### PROBLEM DESCRIPTION
Each line from the one holding "فوری؛ آخرین مهلت" to the last line below must be restated word for word, and no picture may be included.

### AVAILABLE DATA
Segment Open

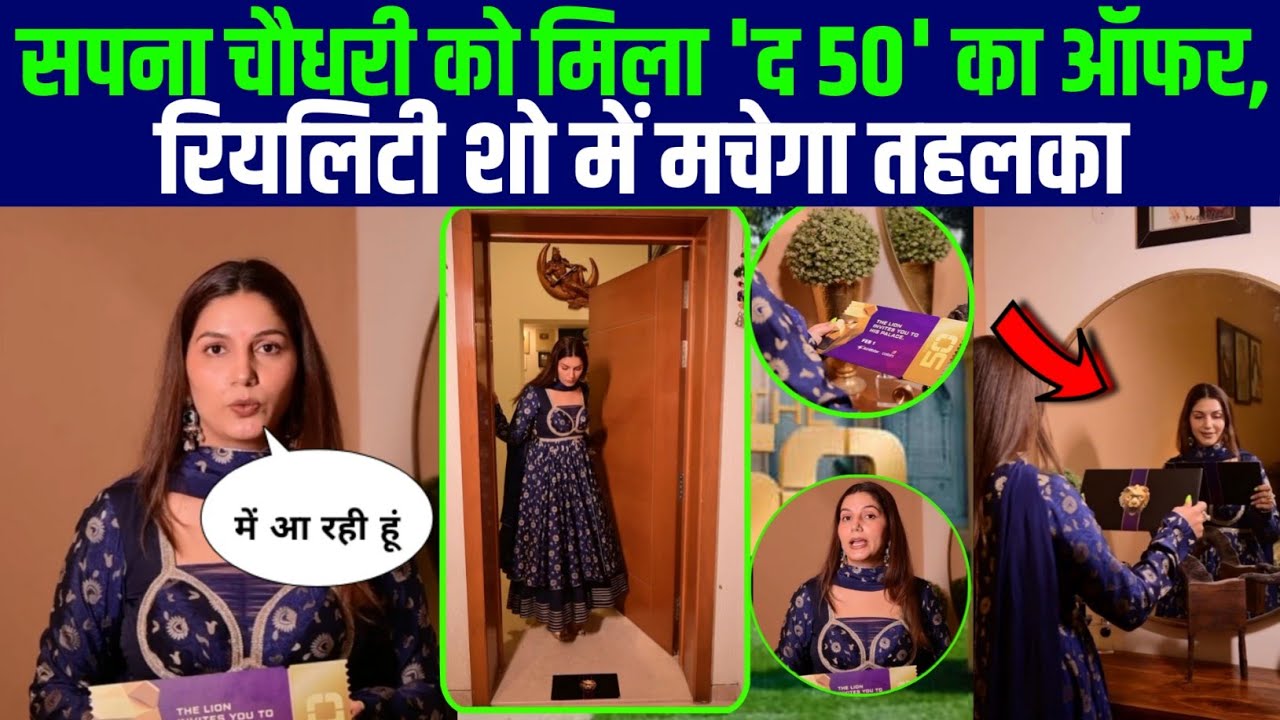 The 50 : Sapna Choudhary को मिला 'द 50' का ऑफर, रियलिटी शो में मचेगा तहलका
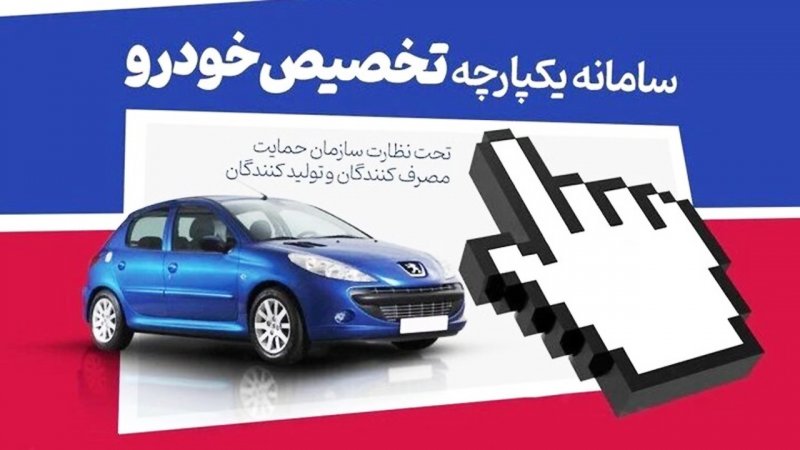 فوری؛ آخرین مهلت ثبت‌نام در سامانه یکپارچه؛ عرضه ایران خودرو امشب تمام می‌شود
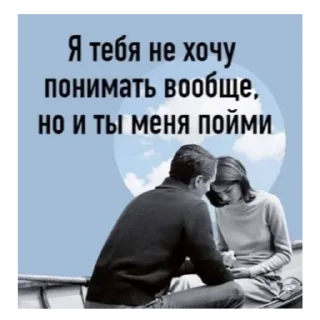🪑 мэмчег, стікер Telegram 16 з 21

Segment Closed

### EXERCISE RESULT
 فوری؛ آخرین مهلت ثبت‌نام در سامانه یکپارچه؛ عرضه ایران خودرو امشب تمام می‌شود
🪑 мэмчег, стікер Telegram 16 з 21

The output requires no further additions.